If this isn't alchemy, what is?
Here's a Wednesday compendium of links with a shorter shelf life ... who wants to wait until the weekend anyway?
Disney veteran Don Hahn serves up a new book on his chosen profession:
The Alchemy of Animation aims to give readers a comprehensive look at the process of making animation at Disney in the modern age. Hahn’s first book in nearly seven years, this one is aimed at a slightly older audience than his acclaimed Animation Magic ...
(Cartoon Brew has its take here).
Imagi picks up a DreamWorks property and runs with it:
"Tusker" was brought to Imagi by Cecil Kramer former co-head of production at DreamWorks Animation, whom Imagi hired last year and who Glen said had "mothered the project for six years ..."
Imagi describes "Tusker" as "the saga of a young elephant's journey of discovery, heroism and redemption, which intersects with and renews the life of a reclusive old elephant who has always been an outsider." Company says that it will announce a helmer and other talent roles in the coming weeks.
Company also said it is in advanced development of "Cat Tale," a tale about a cat raised as a dog.
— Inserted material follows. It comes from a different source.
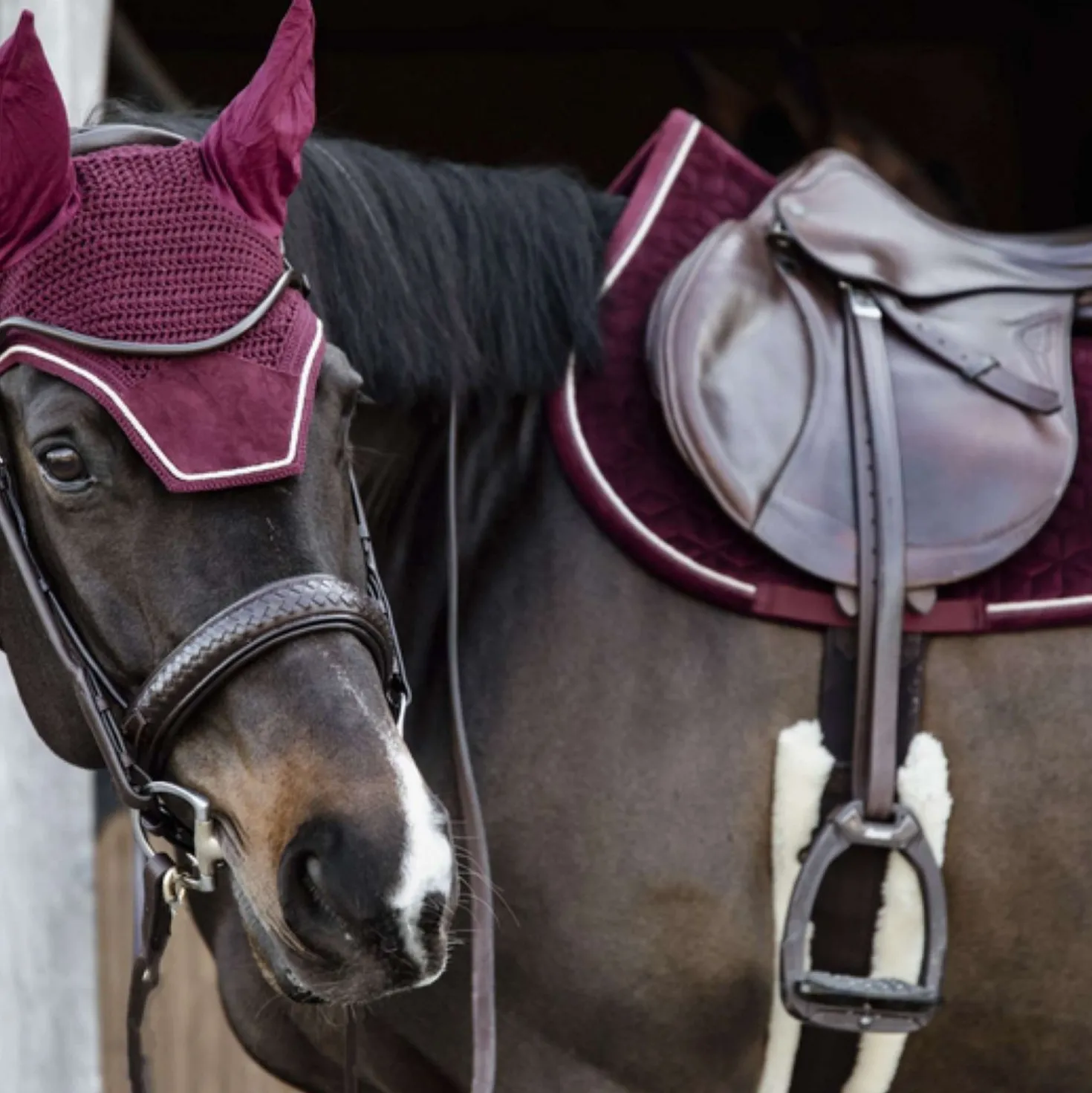 Kentucky Zadeldekje Velvet Springen Bordeaux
Galen Walker is producing from a script by Aaron Mendelsohn.
(Apparently Mr. Kramer was more enthusiastic about doing the project than Mr. Katzenberg was, yes?)
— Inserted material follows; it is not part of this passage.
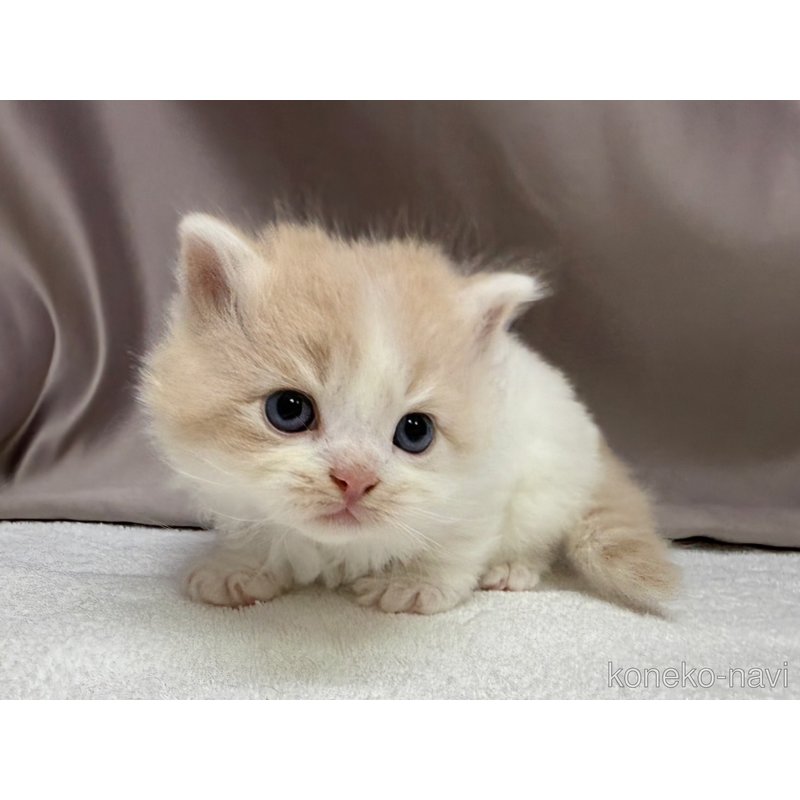 販売中の千葉県のラガマフィン-122380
Speaking of Mr. Katzenberg, he'll be winging to the Netherlands next month to receive an award:
IBC, the leading event in electronic media worldwide, has announced that its International Honour for Excellence 2008 will be presented to Jeffrey Katzenberg, CEO of DreamWorks Animation SKG ...
"I am thrilled to be among the distinguished list of recipients to have received an International Honour for Excellence," Katzenberg said. "At DreamWorks Animation we aim to create and deliver quality and innovative entertainment for family audiences across the globe, and I am very grateful to IBC for acknowledging our efforts in this area." ...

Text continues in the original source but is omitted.